(ABOUT THIS TASK) When you copy the listing, reproduce each line as it appears and omit every image.

(DATASET RECORDS)
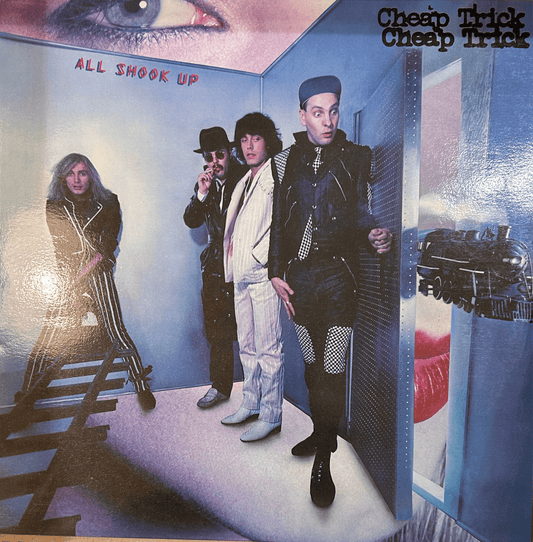 LP Cheap Trick ‎– All Shook Up 2ª mano - DISCOS NAKASHA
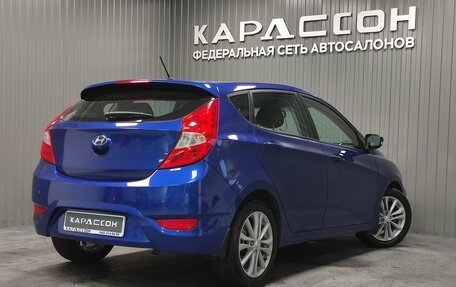 Hyundai Solaris II рестайлинг, 2012 год, 910 000 рублей, 2 фотография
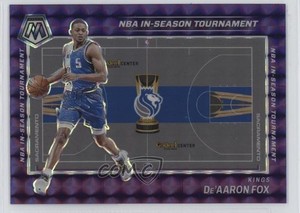 2023-24 Panini Mosaic NBA In-Season Tournament De'Aaron Fox #11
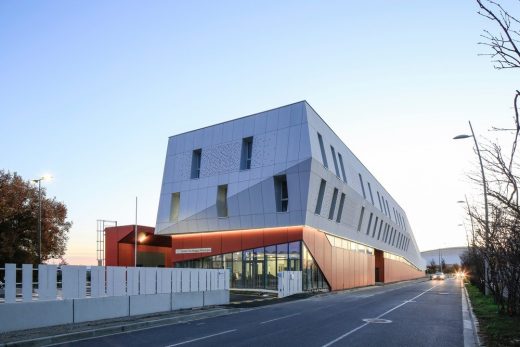 Technical Center of Blagnac France - French Architecture News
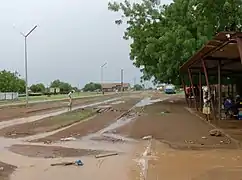 Estación de Tambacounda, 2009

(SOLUTION TO THIS EXERCISE)
 LP Cheap Trick ‎– All Shook Up 2ª mano - DISCOS NAKASHA
 Hyundai Solaris II рестайлинг, 2012 год, 910 000 рублей, 2 фотография
 2023-24 Panini Mosaic NBA In-Season Tournament De'Aaron Fox #11
 Technical Center of Blagnac France - French Architecture News
 Estación de Tambacounda, 2009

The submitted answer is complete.